SUPPLIED RECORDS:
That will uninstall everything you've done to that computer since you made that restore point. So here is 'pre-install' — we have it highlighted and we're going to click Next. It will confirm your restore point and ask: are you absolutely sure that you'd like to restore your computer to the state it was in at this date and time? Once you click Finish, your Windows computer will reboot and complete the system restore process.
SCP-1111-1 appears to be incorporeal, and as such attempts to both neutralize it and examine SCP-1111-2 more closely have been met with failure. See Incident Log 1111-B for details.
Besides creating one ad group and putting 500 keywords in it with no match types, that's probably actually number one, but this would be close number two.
==
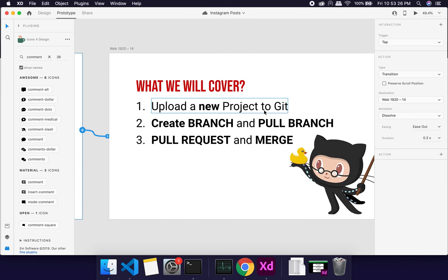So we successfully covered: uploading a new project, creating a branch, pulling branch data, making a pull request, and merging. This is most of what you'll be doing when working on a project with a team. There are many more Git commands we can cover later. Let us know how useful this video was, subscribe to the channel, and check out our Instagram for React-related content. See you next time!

WORK TO BE COMPLETED:
Looking back over the data above, restate word for word the lines that begin at the line with "That will uninstall" and end at the line with "Besides creating one", inclusive.

SOLUTION FOR THIS TASK:
That will uninstall everything you've done to that computer since you made that restore point. So here is 'pre-install' — we have it highlighted and we're going to click Next. It will confirm your restore point and ask: are you absolutely sure that you'd like to restore your computer to the state it was in at this date and time? Once you click Finish, your Windows computer will reboot and complete the system restore process.
SCP-1111-1 appears to be incorporeal, and as such attempts to both neutralize it and examine SCP-1111-2 more closely have been met with failure. See Incident Log 1111-B for details.
Besides creating one ad group and putting 500 keywords in it with no match types, that's probably actually number one, but this would be close number two.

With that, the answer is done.